WHAT YOU NEED TO DO: Return the listing exactly. Keep no pictures.

RECORDED INFORMATION:
- - - -

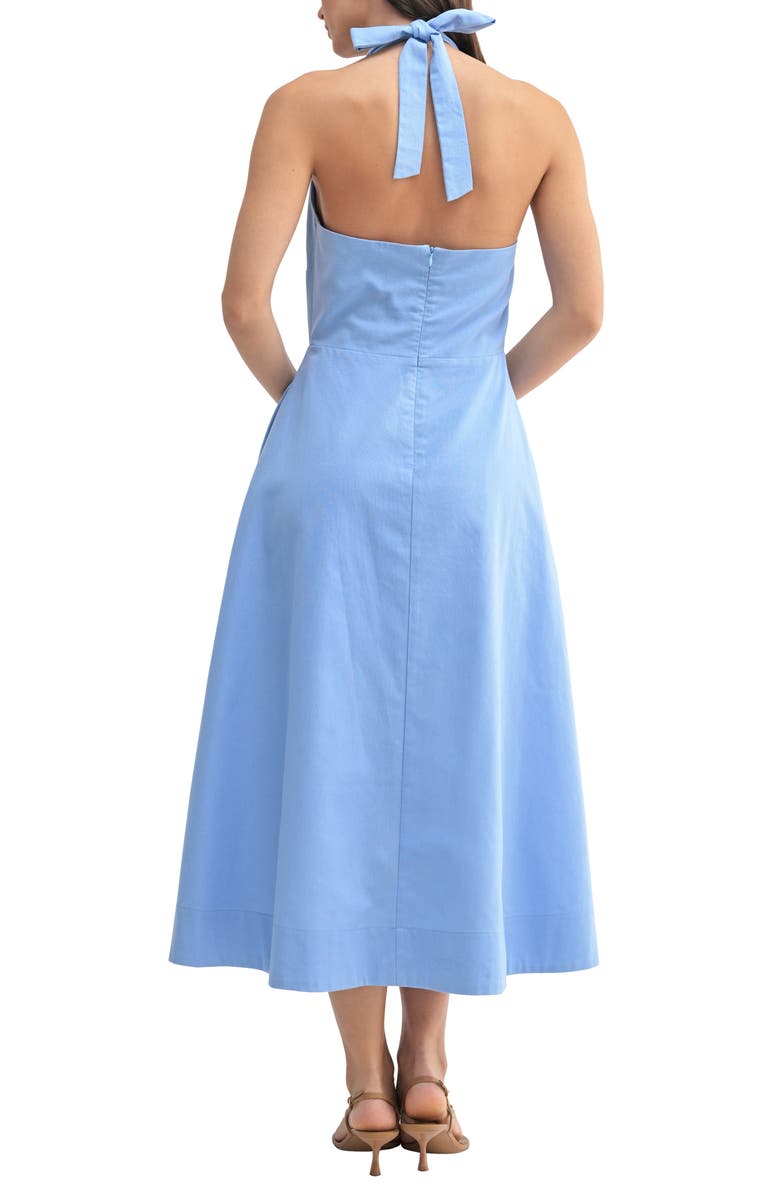 Mila Mae Halter Neck Pleated Midi Dress, Alternate, color, 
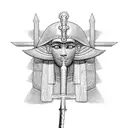 ancient Egyptian ankh with red sword. outline design tattoo design idea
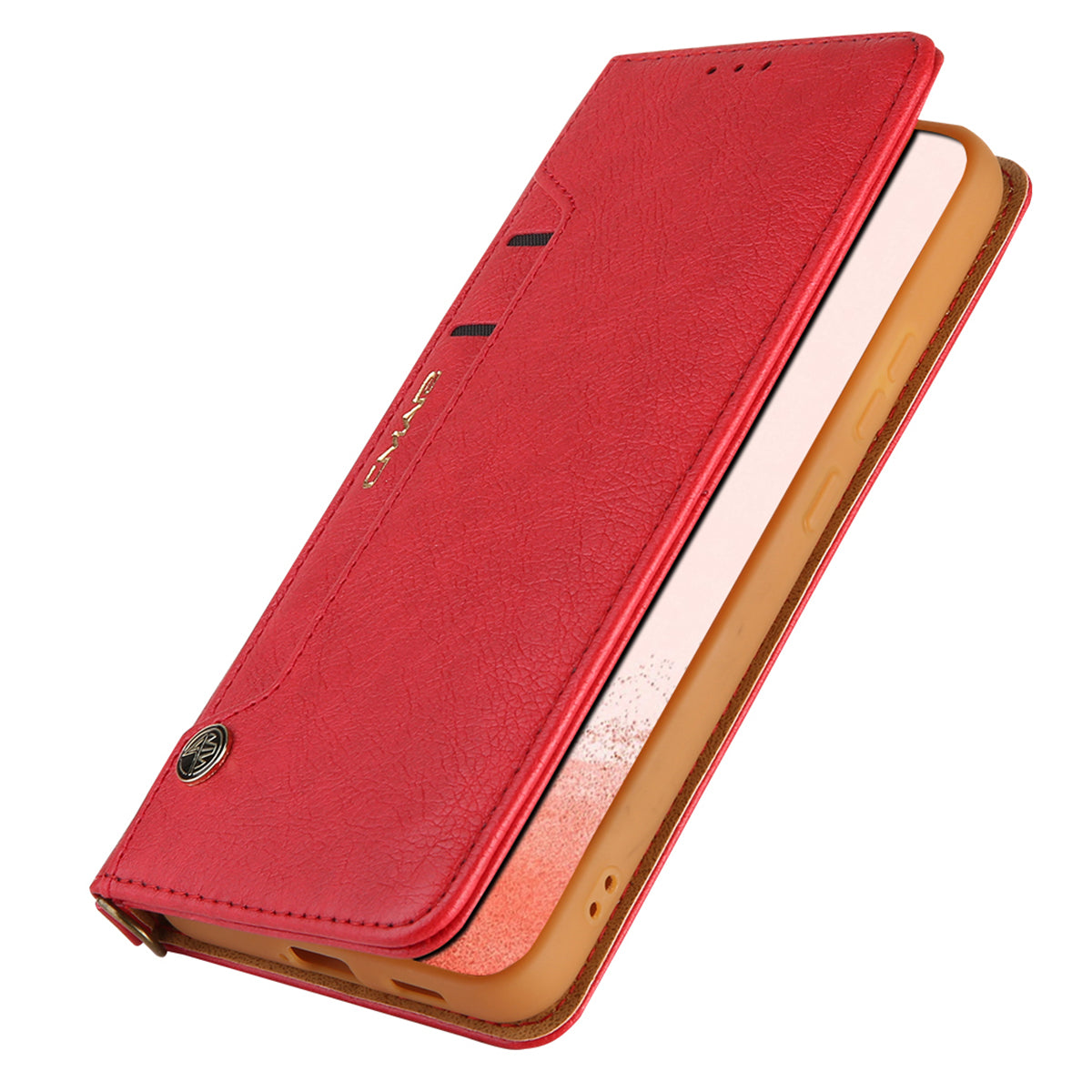 CMAI2 For Samsung Galaxy S24 Case PU Leather+TPU Phone Cover with Card Holder - Red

- - - -

SOLUTION FOR THIS TASK:
 Mila Mae Halter Neck Pleated Midi Dress, Alternate, color, 
 ancient Egyptian ankh with red sword. outline design tattoo design idea
 CMAI2 For Samsung Galaxy S24 Case PU Leather+TPU Phone Cover with Card Holder - Red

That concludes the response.